Download the Fall 2011 issue of the Roosevelt Review
By Courtney Flynn
Regina Buccola, a Roosevelt University associate professor of English and scholar in residence at the Chicago Shakespeare Theater, is co-editing a book of essays about the theater’s first 25 years.
A writer and lecturer who enjoys making the plays of William Shakespeare more accessible to teachers, students and general audiences, Buccola’s involvement with the theater dates back to the mid-1990s when she was an usher for the organization, which then operated out of the Ruth Page Theater on Dearborn Street.
In 1999 after completing her final year of graduate work at the University of Illinois at Chicago, Buccola won a grant from the Woodrow Wilson National Fellowship Foundation. That achievement enabled her to fund an internship for herself at the Midwest’s premier Shakespeare theater.
“They had just moved into the space on Navy Pier and I was there when the actors saw the theater for the first time,” Buccola recalled.
“It was really amazing. People who had been with the company a long time were crying and I was there when their new lives began.”
For their part, theater leaders are delighted with Buccola’s contributions over the years and hope her upcoming book shines a well-deserved spotlight on the theater, which attracts nearly 200,000 audience members annually, including 40,000 students and teachers.
“Even though Chicago has a reputation for being the most exciting theater city in the country, it’s still hard to be acknowledged as an international resource,” said Marilyn Halperin, the theater’s director of education and communications. “I hope this book will really put us on a much wider map in the academy itself. I think that what Gina has imagined and is helping to pull together is a real milestone and an appropriate way to celebrate our 25th anniversary.” During the internship, Buccola worked with Halperin to write a teacher handbook for a production of All’s Well That Ends Well. She also learned more about the vision of the production from the theater’s artistic director, Barbara Gaines.
That attachment to the theater and Buccola’s love for Shakespeare kept her coming back for more. “The design of the current theater is amazing,” she said. “The stage juts out into the audience so you can look across it and see other audience members and how they react and the actors can see the audience, too. I also really Professor co-edits book about Chicago Shakespeare Theater appreciate the way in which their productions connect to the political and social issues of today.”
Buccola joined Roosevelt in 2000 and teaches a variety of courses on Shakespeare and other early modern British writers, including women who have been overlooked. While at Roosevelt, she has maintained her close relationship with the theater. She presents academic lectures for teacher workshops designed to support the main stage productions and the Short Shakespeare series, and she lectures before select matinee performances.
“When Gina landed the position at Roosevelt, I was so happy we would have her as part of our scholarly life, and that feeling has only increased with the years in between,” Halperin said. “She has such a grasp of pop culture and of early modern drama and history and, of course, Shakespeare.”

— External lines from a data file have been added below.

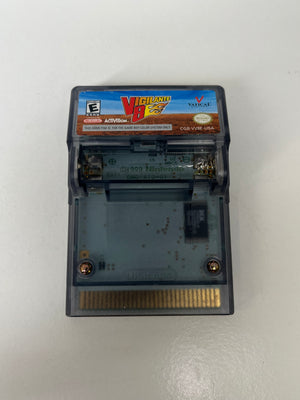 VIGILANTE V8 GAMEBOY COLOR NINTENDO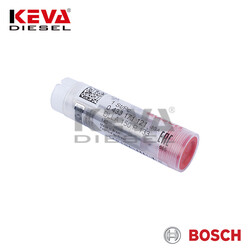 0433171121 Bosch Injector Nozzle (DLLA150P133) for Cdc (Consolidated Diesel) - 1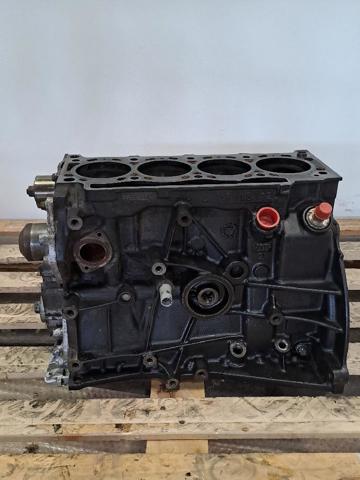 Bloco de cilindros de motor 7701478528 Renault (RVI)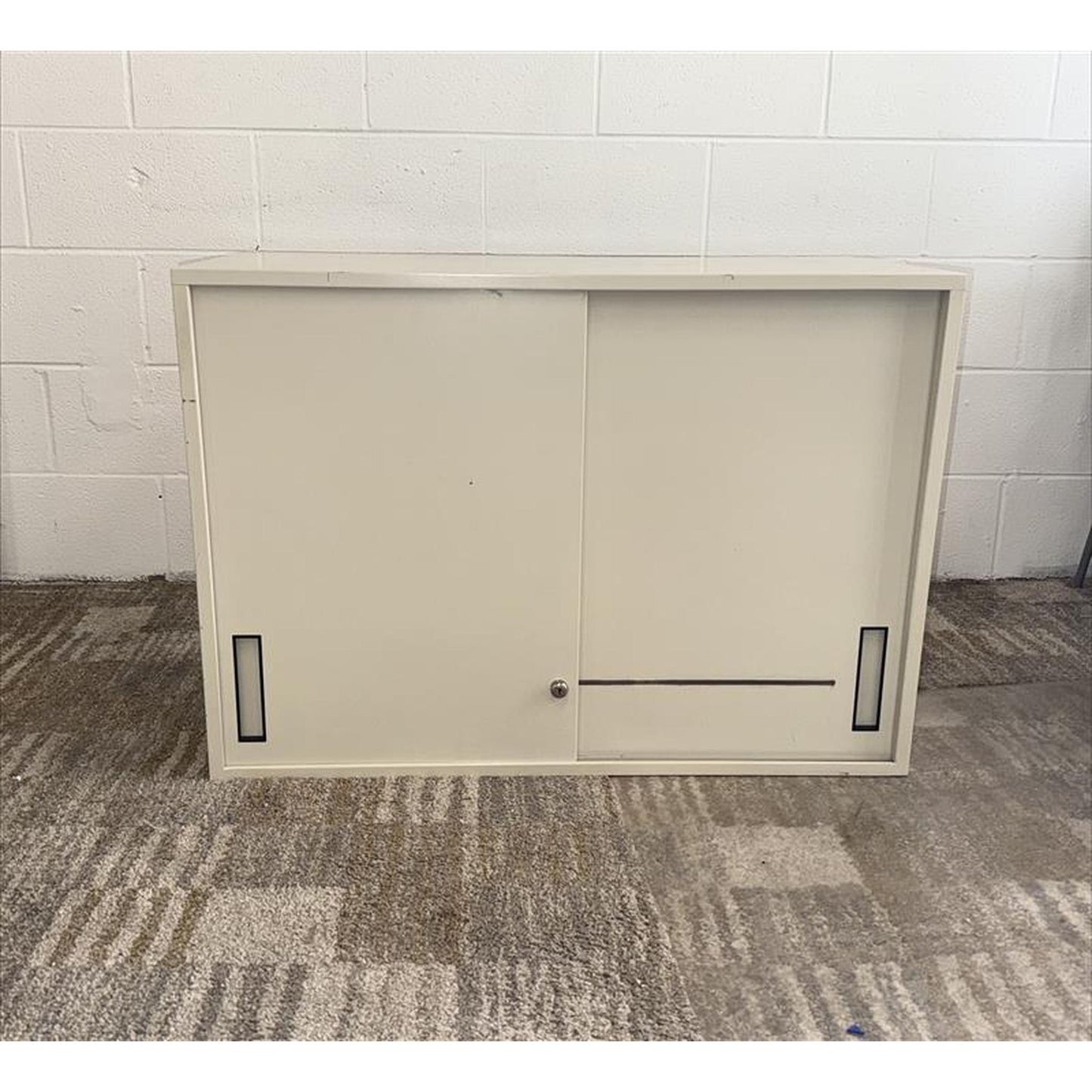 Metal Storage Cabinet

By 2010, Buccola’s unofficial title of “scholar in residence” became formalized. The theater’s executive director, Criss Henderson, suggested the change after learning that Halperin introduced Buccola as such during each of her lectures. Since that time, Buccola has added private lectures for theater board members and donors, some of whom also serve on Roosevelt’s Board of Trustees.
The synergy between Roosevelt and the theater has served as a source of pride for Buccola. And that sentiment is mutual. “As an institution, we want our walls to be permeable and our reach in the community to be broad,” Halperin said. “The kind of partnership we have with Roosevelt helps us do that.” Buccola is not the only Roosevelt educator to have worked with the theater over the years. Stephen Bennett, an adjunct faculty member in the English Department, serves as a visiting scholar at the theater. When he taught a Shakespeare class a couple of years ago, he brought some of his students to the theater to see a production of The Taming of the Shrew.
“It was so great to be studying it and then to see a fabulous production of it and go back to the classroom and talk about it,” Bennett said. “Blurring the lines between the stage and the classroom enriched the experience.”
In addition, Joel Fink, former director of the Theatre Conservatory at Roosevelt, helped establish internships for Roosevelt students at the theater beginning in 1996. Countless Roosevelt students have had the opportunity to study in the classroom and also gain real-life theater experience through internships. “Roosevelt’s educational philosophy is similar to ours,” Halperin said. “We’re reaching out to people from all walks of life. This is not a place simply for a certain part of our society. I think Roosevelt lives that and I think we do, too. This is an example of two institutions coming together to supplement the strengths of the other. How lucky we are to be in a city that allows for that.”